Evelyn Hockstein | Reuters

WASHINGTON — As investors focused this week on earnings and regional banks, the Securities and Exchange Commission quietly adopted new rules that will require public companies to disclose far more information about stock buybacks than they ever have before.

The new rules “will increase the transparency and integrity” of corporate stock repurchasing overall, and allow investors “to better assess issuer buyback programs,” SEC Chairman Gary Gensler said in a statement about the updated disclosures.

Gensler also noted the soaring rate at which U.S. corporate buybacks have grown in recent years, from a total of $950 billion worth in 2021, to more than $1.25 trillion worth last year.

This year could be just as big. Google parent Alphabet announced last month that its board had approved $70 billion in stock buybacks this year, matching the amount the company spent repurchasing its own shares in 2022. This week, Apple announced plans to buy back even more stock than Google: $90 billion worth this year, on the heels of a previous $90 billion in 2022.

The new disclosure rules will begin to apply when U.S. corporations report earnings for the fourth quarter of 2023, and to foreign issuers on a slightly longer timeline.

What public companies will need to disclose
  • A daily log of share repurchase activity, disclosed at the end of each quarter as an exhibit in 10-Q reports and the annual 10-K report.
  • A description of the rationale behind each buyback, and the goals of that buyback. The issuer will also need to explain the criteria it used to determine how many shares to repurchase.
  • Whether certain directors or officers of the company bought or sold any of the shares in question within four days before or after the buyback.
  • More details about company stock trading agreements with their directors and officers, known as 10b5-1 plans. This includes the start and end dates, the total number of shares, and the material terms of these plans.

Approved by a commission vote of 3-2 on Wednesday, the new rules mark the end of a yearslong battle over how much information the public and shareholders have a right to know about the increasingly common practice of companies repurchasing their own shares.

They also reflect a bigger debate nationwide about share buybacks, which typically increase the value of a company’s shares by reducing the total number of shares in the market.

With top executives’ compensation often linked to share price performance metrics, buybacks have emerged in the past decade as a relatively simple, quick means by which to raise a company’s stock price, much simpler in many cases than it is to grow sales, expand operations, or increase profits.

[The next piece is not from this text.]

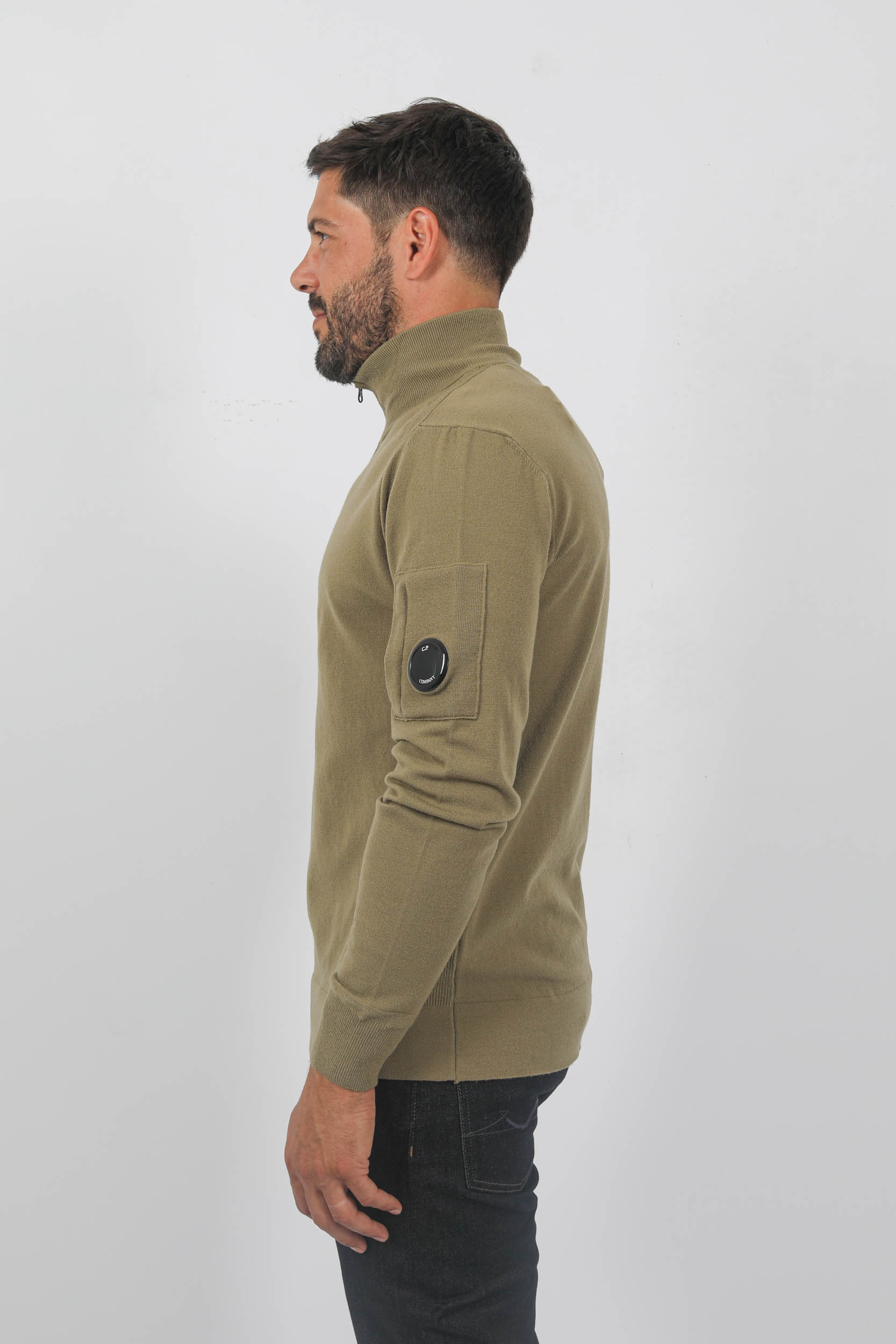 PULL C.P COMPANY COL DEMI ZIP BEIGE N073A-335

Markets have also seen an increase in the practice of public companies issuing debt in order to buy back their own shares, a practice that some economists believe poses a threat to the long-term health of the U.S. economy.

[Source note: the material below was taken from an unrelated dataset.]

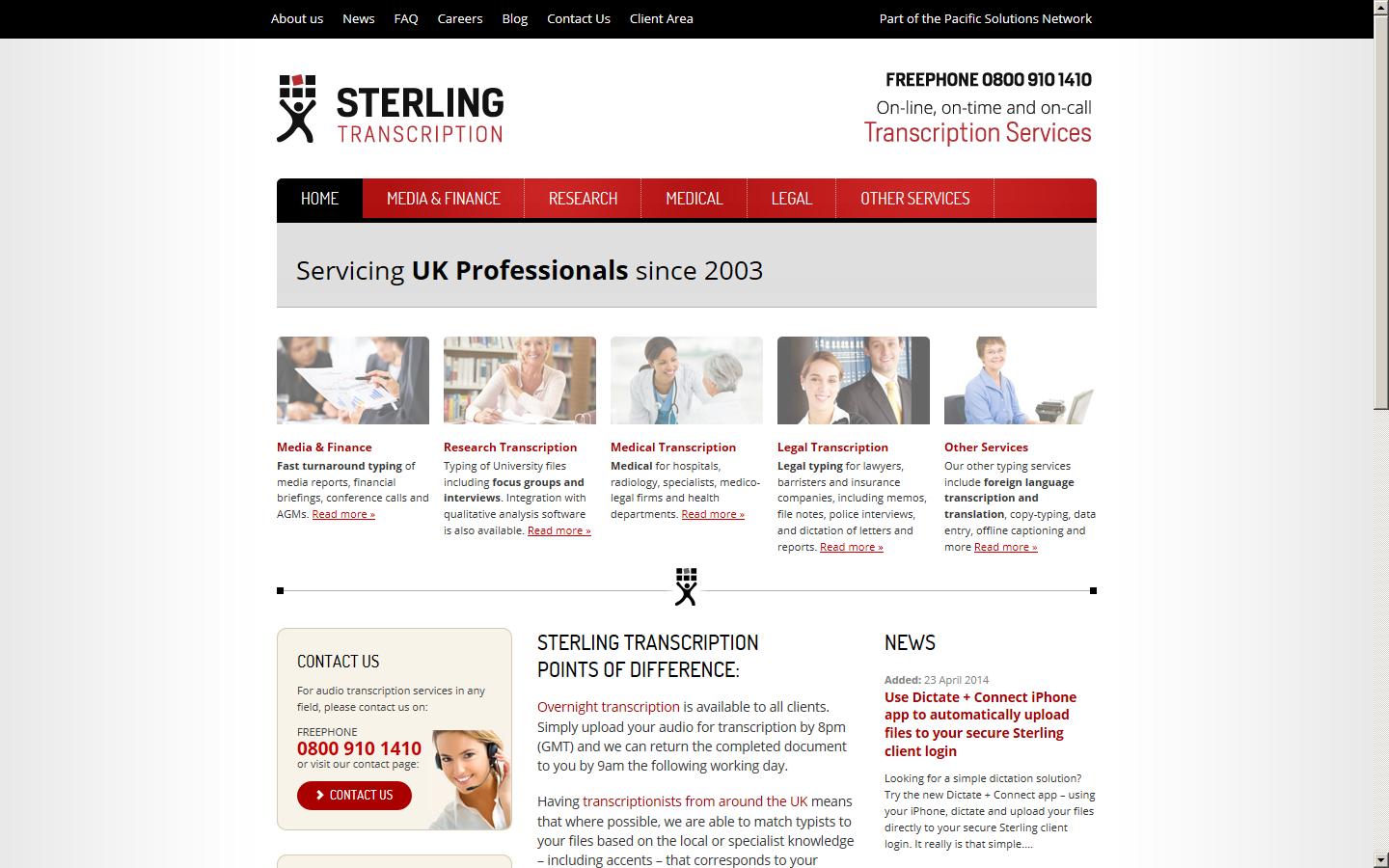 Sterling Transcription (Pacific Solutions Pty Ltd) Website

The changes approved Wednesday represent a softening of the SEC’s initial proposed disclosure rules, which would have required public companies to report trades by corporate insiders on a daily basis. The commission said its final decision was influenced by concerns raised in public comments, that daily reporting would be too expensive and time consuming.

Public interest groups, many of which have become increasingly critical of widespread corporate buybacks, applauded the new rules.

“Stock buybacks have grown substantially in recent years and increasingly they are used to enrich executives instead of re-investing capital to advance a company’s long-term productivity, profitability, and employee welfare,” said Stephen Hall, legal director at the nonprofit Better Markets. “This final rule will certainly increase the quantity, quality, and timeliness of reporting on these controversial transactions.”

But industry advocates called the new rules onerous and unfair, and accused the SEC of trying to deter companies from repurchasing their own shares.

“The commission’s attempt to discourage these commonplace, commonsense transactions via an overly complicated, expensive and unworkable disclosure mandate is … a departure from its mission to enhance capital formation and protect investors,” said Chris Netram, managing vice president of the National Association of Manufacturers.

On Capitol Hill, bipartisan support for stricter buyback disclosure rules has been apparent since the start of the SEC’s rulemaking process, more than a year ago.

Capital markets “provide the means by which companies raise capital and invest it productively for the good of their investors, workers, communities, and, ultimately, our country as a whole,” wrote Sens. Tammy Baldwin, D-Wisc., and Marco Rubio, R-Fla., in a letter to Gensler in 2022.

The explosion of corporate buybacks, they wrote, represented a shift “toward transactions in securities for the purposes of financial engineering over raising capital to invest productively in trade and industry.”

The SEC has repeatedly stated that it does not have a position on whether corporate share buybacks are good or bad, and that the new disclosure rules merely reflect the growing importance of buybacks as a key element of corporate strategy.